Elie Hirschfeld Leads List of Jewish Luminaries at UN Holocaust Memorial Ceremony
Feb. 22 2018, Updated 3:40 p.m. ET
Iconic New York developer and longtime supporter of the State of Israel, Elie Hirschfeld supported a list of luminaries in attendance at the United Nations Holocaust Memorial Ceremony on January 31.
Hirschfeld, was extended an invitation to the ceremony in the General Assembly Hall by, Danny Danon, the Permanent Representative of Israel to the United Nations.
“Ambassador Danon is a man I have admired for many years for securing projects to promote the development and welfare of the people of the Jewish home state,” said Hirschfeld.
“It was an honor to be invited to such an important event for Jewish people.”

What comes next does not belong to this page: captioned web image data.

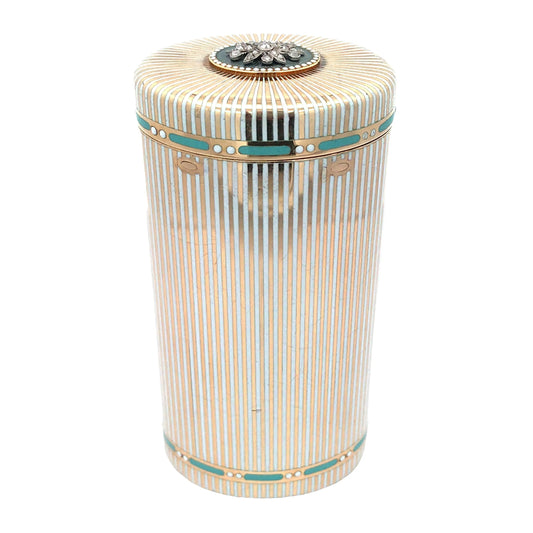 Gold Enamel Box Lueur Jewelry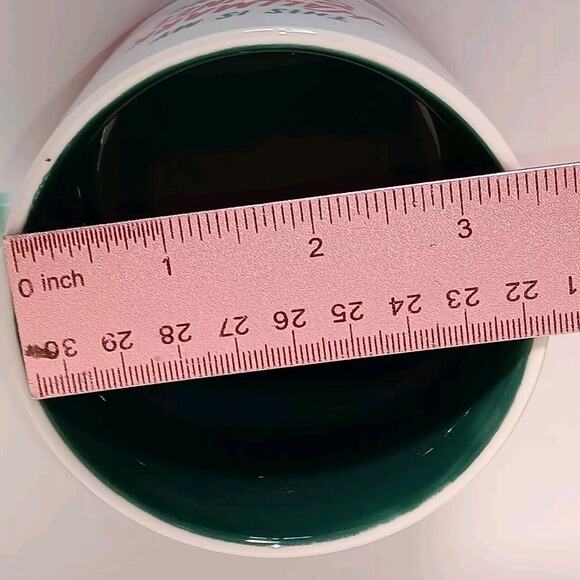 2 Hallmark Christmas Mugs Santa Reindeer Watching Tea Coffee Cup 16 oz - Picture 10 of 16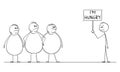 Vector Cartoon Illustration of Group of Three Overweight or Fat Men Looking at Thin Man demonstrating with I`m Hungry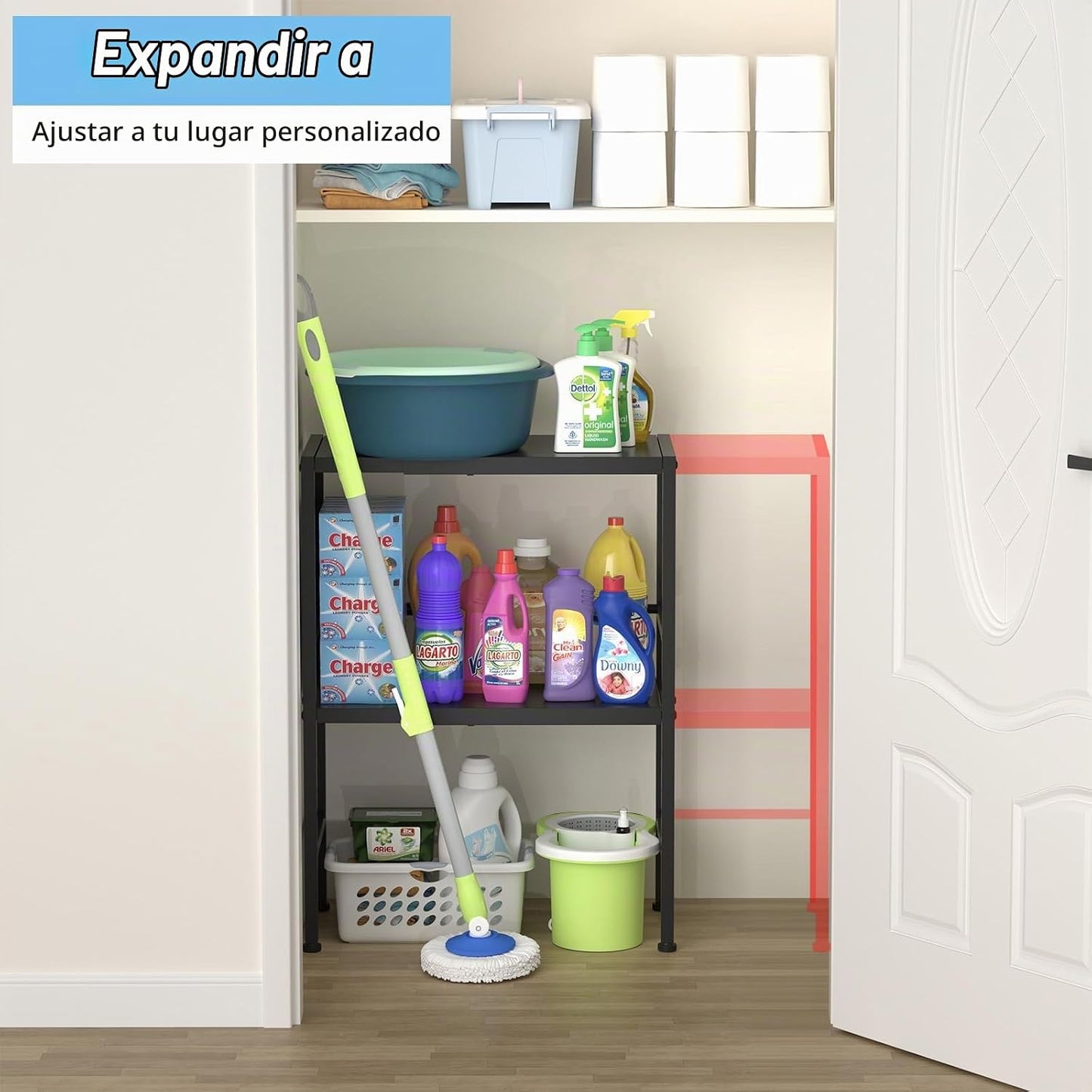 Estantes de almacenamiento de metal expandibles de 2 niveles, estan...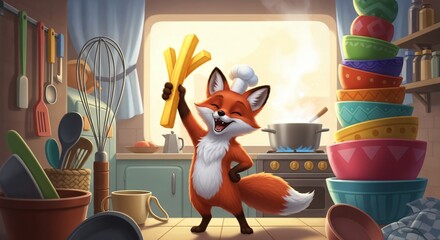 a fox is standing in the kitchen and holding a knife
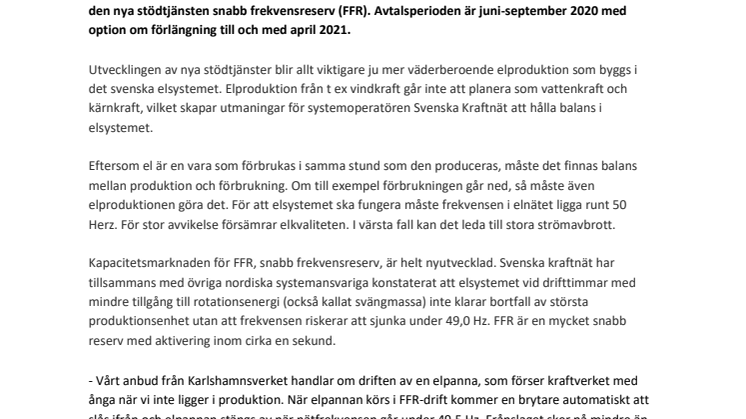 Karlshamnsverket tecknar nytt ramavtal om stödtjänst 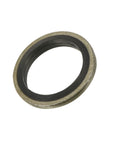 Angled front view of bonded sealing washer M14, 19.5x14x2mm, carbon steel with nitrile rubber gasket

More than 1000 United Nations’ officials were on hand — along with more than 40 ambassadors — to listen to testimony and personal remembrances of those who were lost, along with those who survived the tragic atrocities of the Holocaust.
“This annual day of commemoration is about the past, but also the future; it is about Jews but also all others who find themselves scapegoated and vilified solely because of who they are,” said United Nations Secretary-General Antonio Guterres.
Moving comments were delivered by Mrs. Eva Lavi, originally from Krakow, Poland, and now a resident of Israel, who survived World War II along with her parents after they were saved by the German industrialist Oskar Schindler.
Lavi told those assembled how Schindler had diverted her and her parents to his factory after they were sent to board a train for the Auschwitz concentration camp. Other members of her extended family were murdered by the Nazis, she said.
“The Holocaust should be a significant warning to what might happen when racism, hatred, violence and anti-Semitism permeate the world,” Lavi said. “At the end of the day, we must learn to live with each other and respect each other. We were all created equal in the image of God.”
Danon bravely used his comments to speak out against legislation under review in Poland that would criminalize apportioning any blame for Holocaust-era anti-Semitic atrocities to Poles.
“We must never allow any legislation to pass that denies the truth and rewrites history,” he said. “As we honor those few brave souls who stood strongly against evil and saved Jews from death, we must not forget those who cooperated with the Nazi evildoers. We will firmly oppose any attempt to distort the truth.”
“He is a man who has led the way in his words and actions to preserve and protect not only the State of Israel — but Jewish people all over the globe,” said Hirschfeld.
“His presence in New York and his role at the United Nations will help make the world a safer and better place.”